Now consider smoking. For that we turn to the industry’s leading source of alternative facts, Ron Goetzel. He “found” that for the years 2012-2014, 5.5% of his surveyed workers smoked, overlooking the statistical 12.3% of employees — roughly 2/3 of all smokers — who lied. Yet, like Wellsteps with the drinking, Mr. Goetzel presented this statistically impossible 5.5% as fact.

It’s not a coincidence that roughly the same proportion of smokers and drinkers lie. Nor is it a coincidence that these two “scientists,” as they call themselves, decided not to disclose the lies. Since they claim to be “among the most credible and conscientious scientists and practitioners working in corporate wellness today,” this is much more likely to be a deliberate omission than a rookie mistake, especially since I’ve informed them of this disparity and many other obvious misstatements many times and they usually just doubled down.

Admitting that their data is basically worthless means their entire conclusions are basically invalid, which in turn means that outcomes-based wellness itself is a fraud, which by the way it is

Lying to employers about personal behaviors is human nature. Most employees don’t want to disclose potentially damaging information, and think, quite justifiably, that if they give their employer 100% during working hours, their off-hours behavior is none of their employer’s business.


How can cheating in wellness be prevented?
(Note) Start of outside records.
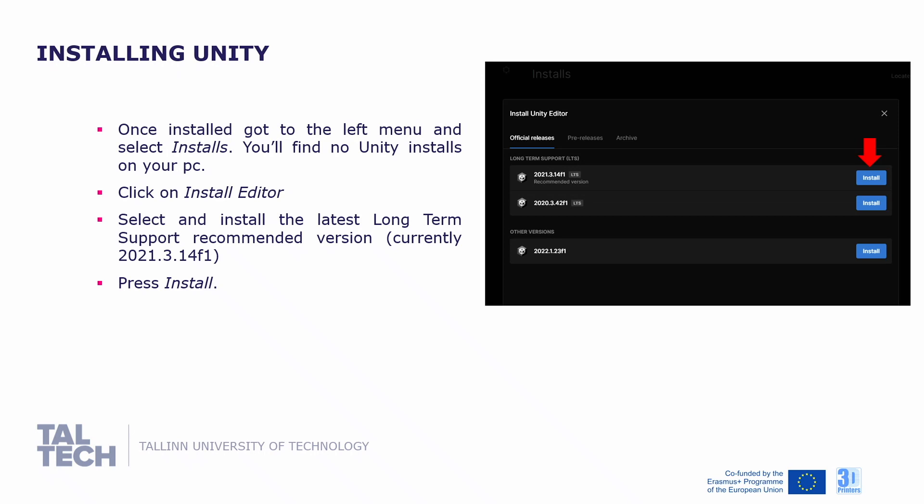After installation, you will have to install one of the available Unity versions. Go to the left menu and select installs. You will find no Unity installs on your PC. Click on install editor, select and install the latest long-term support recommended version, LTS, which is currently 2021.3.14 F1, and press install.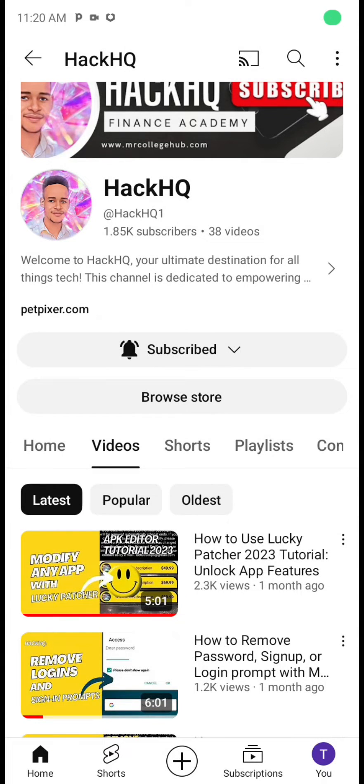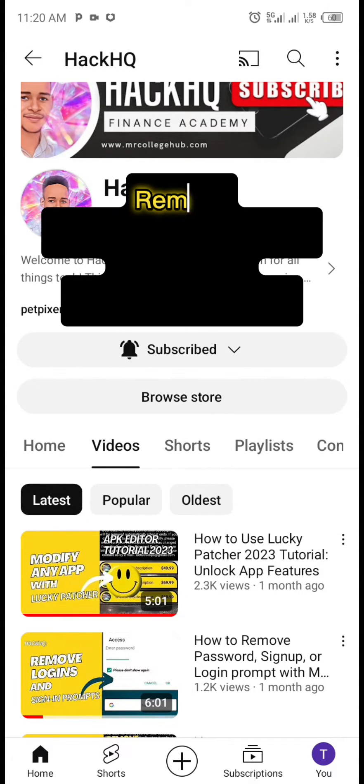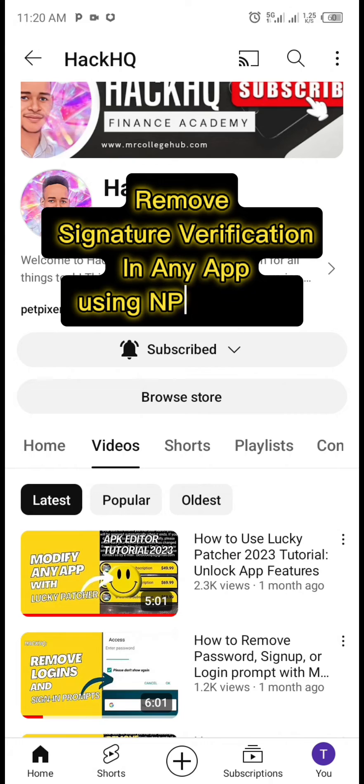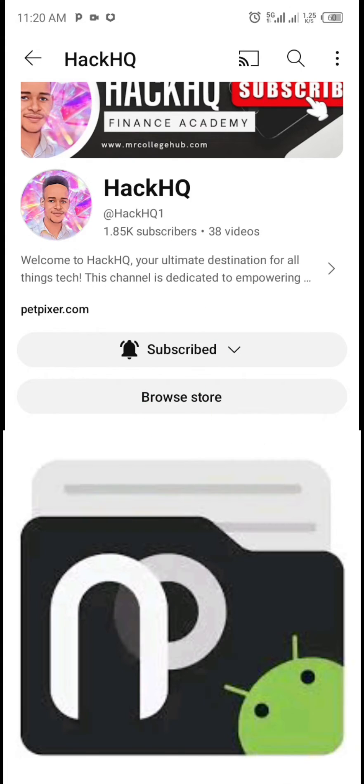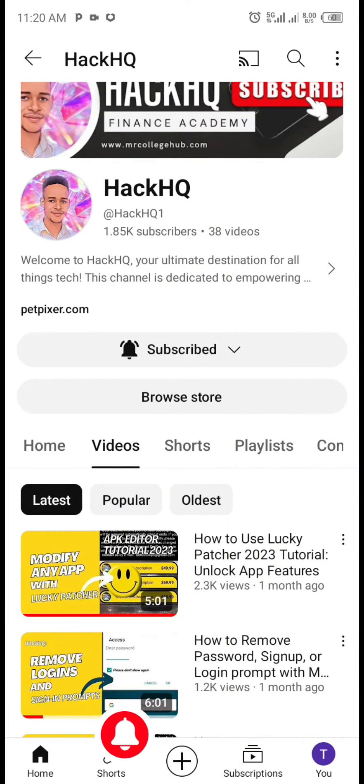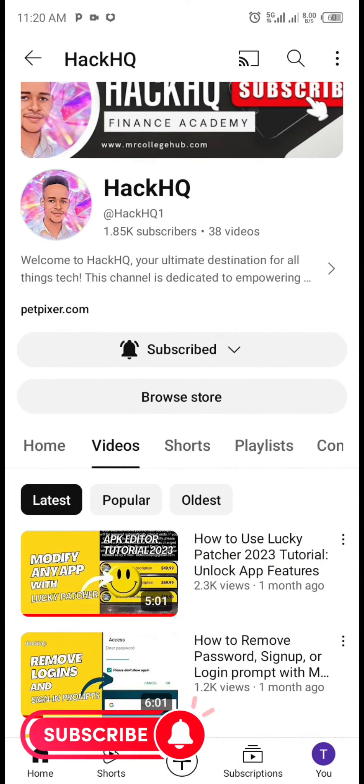Hello guys, welcome back to this channel. In this video I will show you how you can remove signature verification in any Android app using the NP Manager tool. But before we proceed, if you are new to this channel,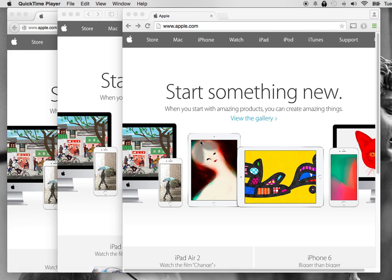Here we'll show you how to disable pop-up blocker on Chrome, Safari, and Firefox. Sometimes you want to see the pop-up, so you'll need to disable the pop-up blocker on your browser.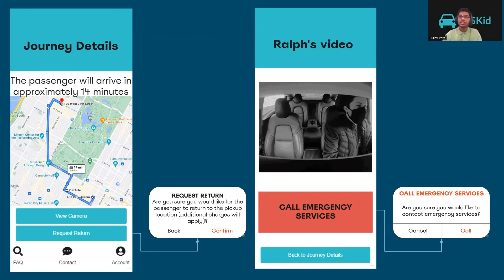Once the ride starts, the journey detail screen updates to display the amount of time it will take for the passenger to arrive at their destination. Additionally, the customer will have the option to request the return of the passengers back to the pickup location at any time during the ride, though this will cause additional expenses. When they press the View Camera button, they will be able to monitor the passengers in the car with the ability to call emergency services with simply the click of a button.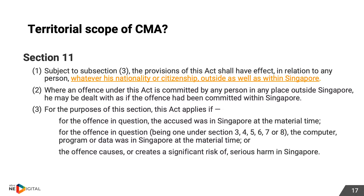Regarding the territorial scope of the Computer Misuse Act, Section 11 of the CMA states that the Act has effect in relation to any person, whatever their nationality or citizenship, outside as well as within Singapore, if: one, they committed the crime while in Singapore; two, the target system was in Singapore; or three, it caused significant risk of serious harm to persons or entities in Singapore.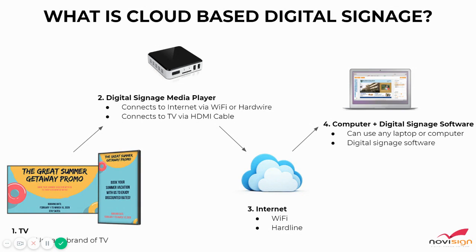With NoviSign, today we're going to go over what cloud-based digital signage is and the items you need to put it together. To get started, digital signage consists of four main components.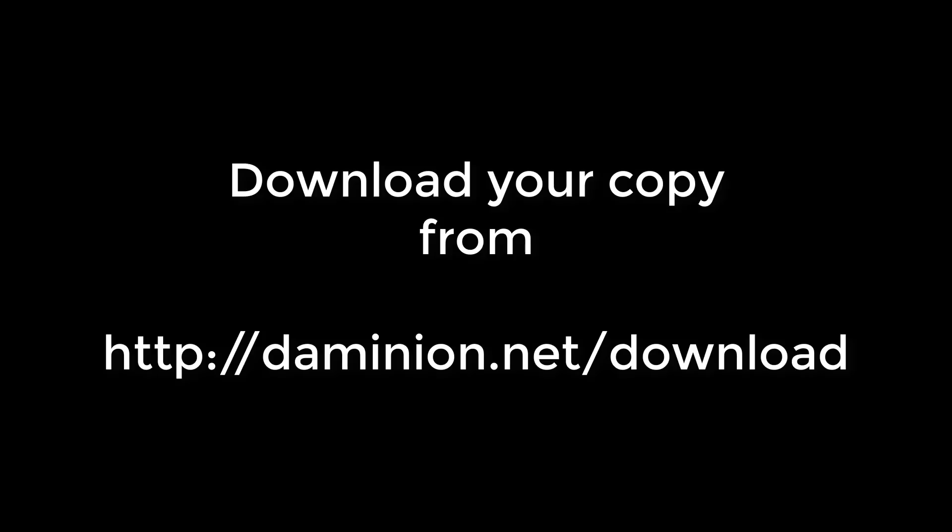Thank you for watching. Please head on over to Dominion and download your copy today.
For those two studies, Mr. Goetzel and Wellsteps were only encouraging employees to lie to their employers and cheat on the programs. The majority of employees responded predictably. By contrast, when you run an outcomes-based wellness program with large fines, or hold annual crash-dieting contests, you’re not just encouraging employees to lie and cheat. You’re practically begging your employees to lie and cheat. In crash-dieting contests, employees form teams, and strategize on how to binge and then crash-diet, allowing them to lose far more weight in 8-16 weeks than is healthy. Any team not intending to cheat wouldn’t even bother to compete. Teams that do want to compete will visit websites teaching them how to cheat, and which appetite suppressants and weight-loss pills to buy in order to win.

Wouldn’t it be great if there were a wellness vendor which, instead of denying human nature about cheating, channeled it? Instead of bragging about ferreting out “fraudulent participants,” made cheating part of the fun?  There’s a word for that, and it’s not “impossible.” It’s “Quizzify.” Employees can rack up points for correct answers…and they are encouraged to look them up before selecting their response from the multiple-choice list. That way they are more likely to remember them.

And, unlike “how to cheat in wellness,” if you google on “How to cheat on Quizzify,” you won’t find any advice on cheating — other than Quizzify’s own rules urging employees to do exactly that.